Publisher ‏ : ‎ CINEATOUR (2021)

Language ‏ : ‎ English / Chinese

Translator : TU Shuai

Reviewer : YU Hong / Lee Shee Yik

Paperback ‏ : ‎ 216 pages


My grandmother, Lin Yangdai, was born in the early Republic of China after Emperor Xuantong’s abdication. As far as I can remember, she was often dressed in out-of-fashion clothes, usually in blue or gray, and she always kept her gray hair at shoulder length. She had a rather high hairline, most probably due to the old custom of face threading. Coupled with her unintelligible southern accent, she appeared as an old woman with no sense of reality in my eyes. Fortunately, foot-binding was banned when she was of age. So, in my memory, Grandma was always vigorous and quick.

We had a Seagull 120 twin-lens reflex camera at home when I was young, which I would practice with whenever I had the chance, imagining that I was hunting through the viewfinder. However, when she noticed the camera aiming in her as she was dressing up in the morning, Grandma would always flee away in panic, and her cursing, along with the beaming sunlight reflected by the mirror, lingered long in the air. Therefore, I never succeeded in capturing a decent portrait of her before she passed away. Her face faded away with the deaths of people who knew her, just like those who lived before the invention of the camera.

What a pity!

My elder sister explained that photography was ominous to the older generations. Only those who do funerals would find a painter to "hang" the deceased person on the wall with ink-lead amplification. To them, pictures, especially images so realistic like photos, seemed to possess the power of soul-absorbing magic. Although, theoretically, neither photos nor photography had anything to do with the soul Chinese people believed in.
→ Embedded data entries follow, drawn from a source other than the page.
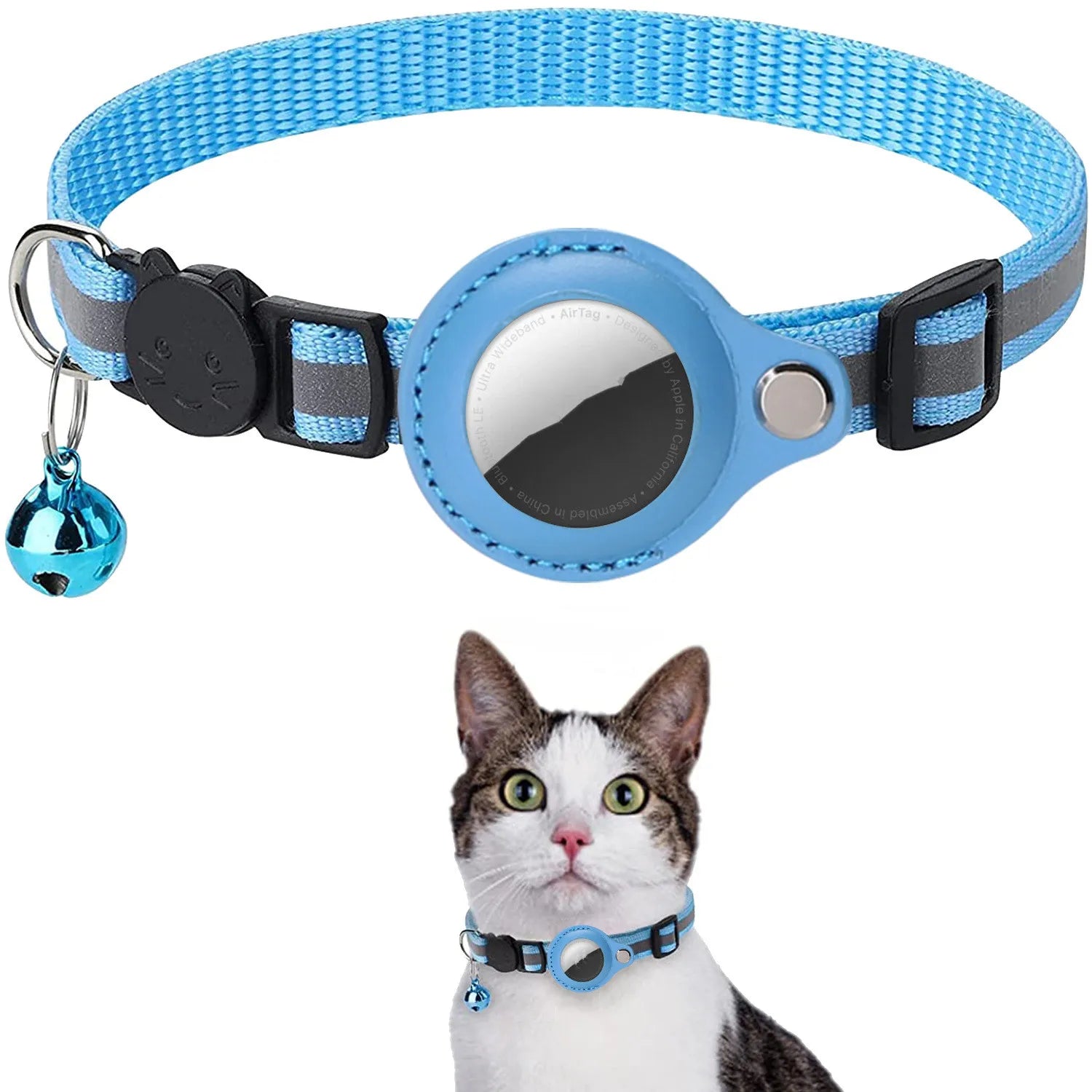 Collare per custodia Airtag per gatto con custodia protettiva per localizzatore anti smarrimento Accessori per cani Collare per animali riflettente Forniture per animali domestici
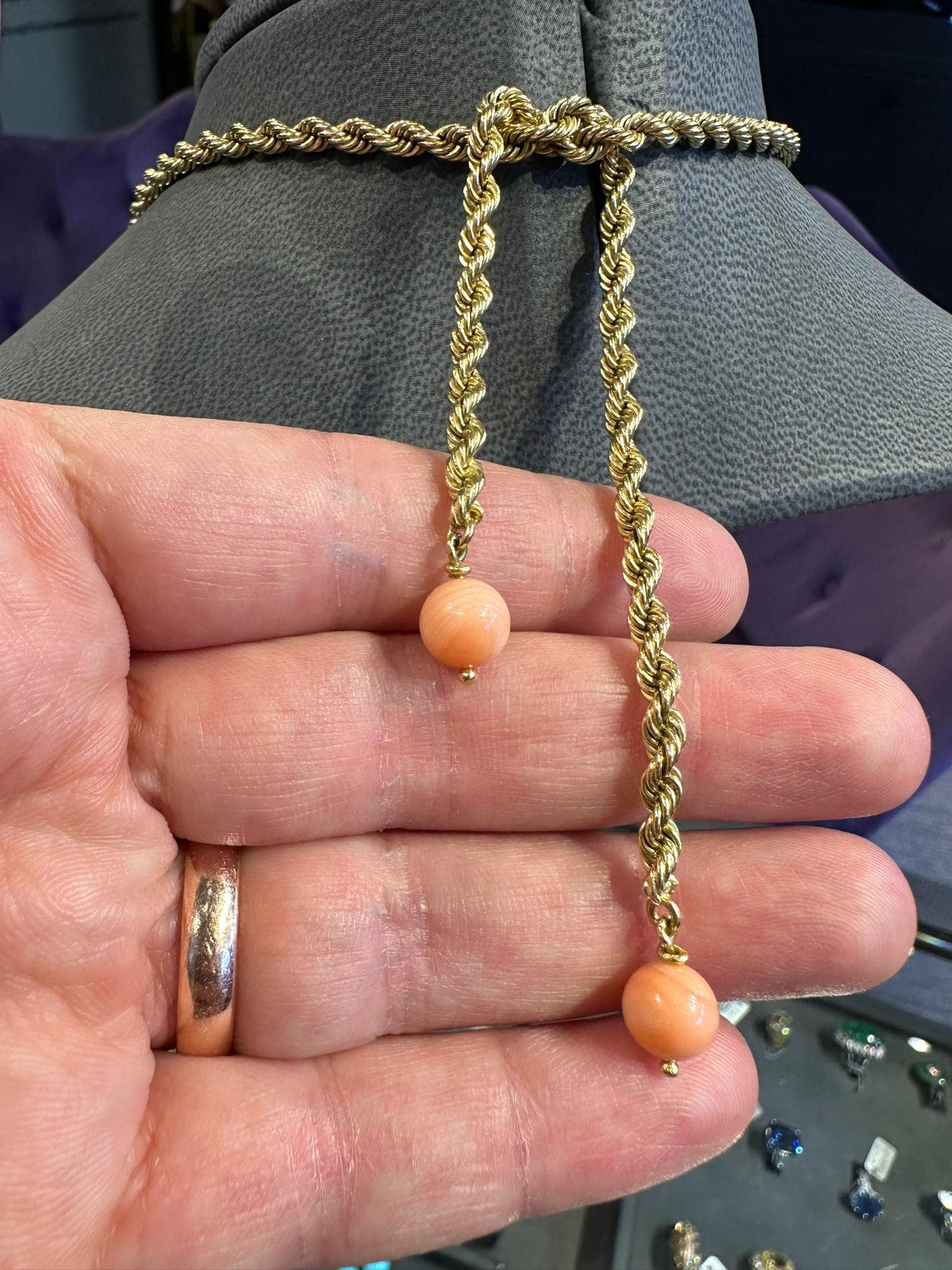 Van Cleef and Arpels Coral Tassel Necklace For Sale at 1stDibs van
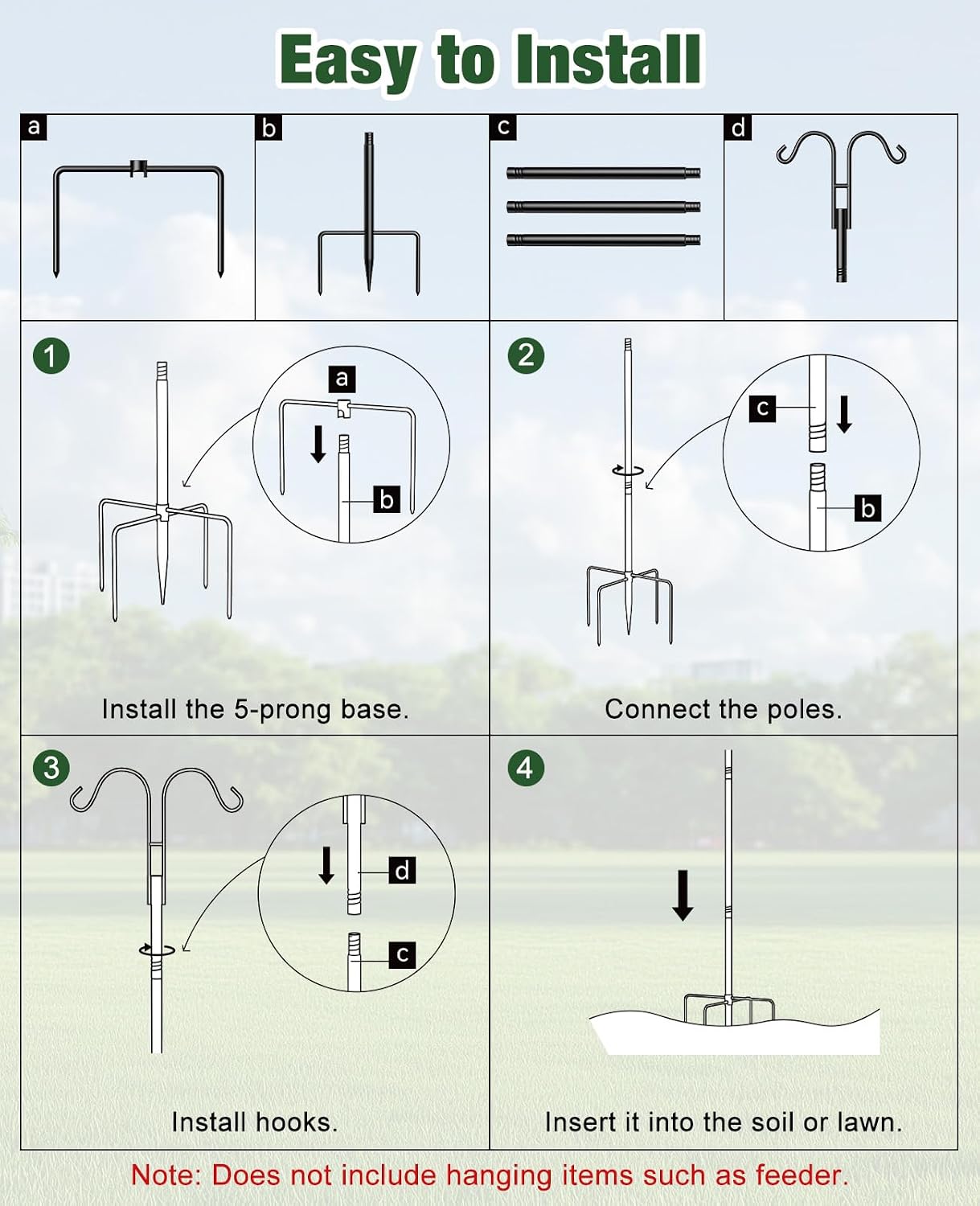 Shepherds Hooks for Outdoor Plant Hanger Hummingbird Feeders for Outdoors | Double Shepherds Hooks ,86 Inch Bird Feeder
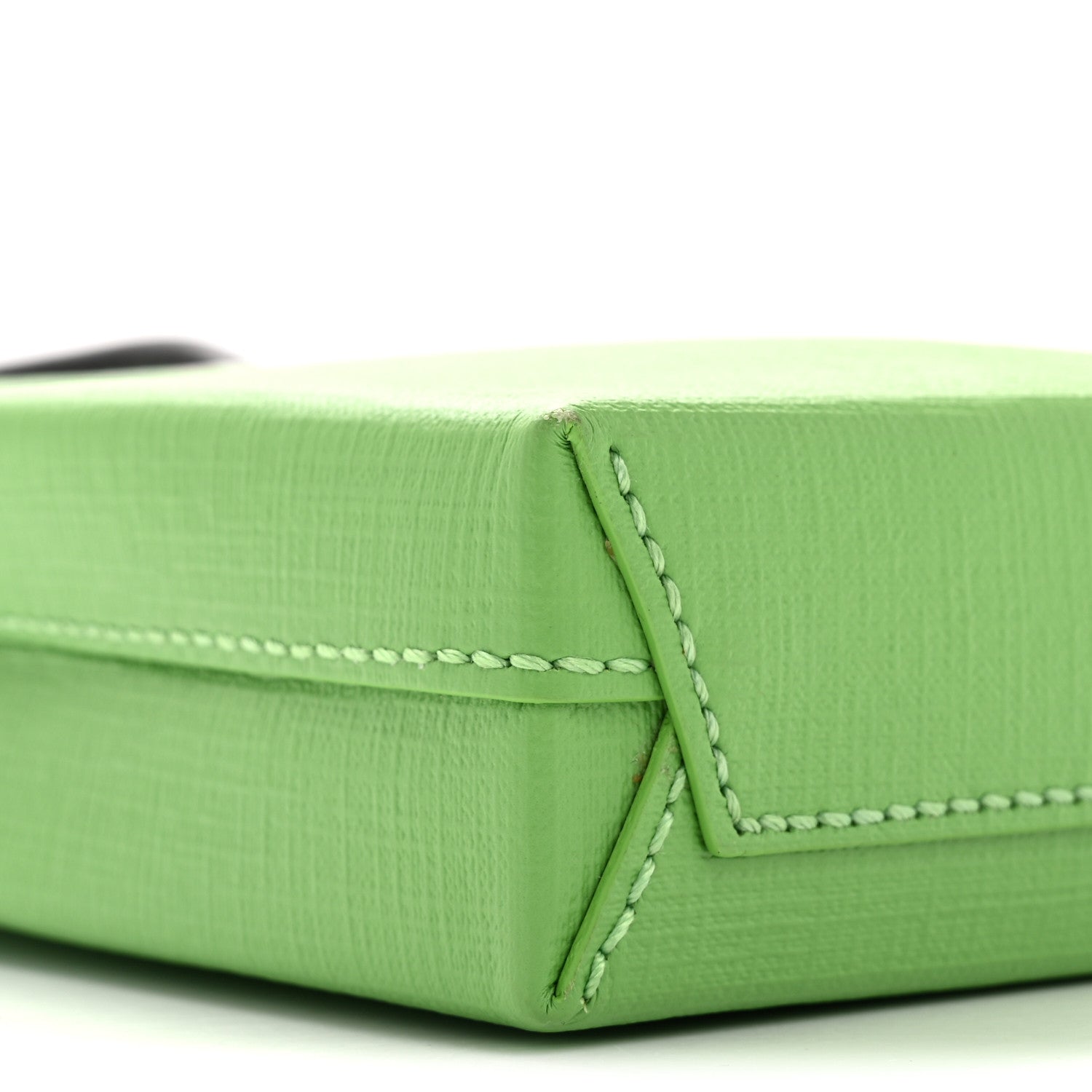 Balenciaga Squared Calfskin Logo Shopping Phone Holder Bag Light Green Fuchsia 9 of 10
Had she been alive, it would have been hard for her to understand the secret out-of-body ceremony young girls nowadays practice, with the help of beauty filters, on the front camera every day. It is as common as the devout believers’ before-meals-prayer in the Middle Ages. The moment they turn their faces to the camera, their nervous system would release dopamine, condensing the souls captured by cameras into digital pictures, which will then join the revelry in a larger pool of nerves.

Photography dissociates the existence of human beings, and at the same time, reconstructs the illusion of existence.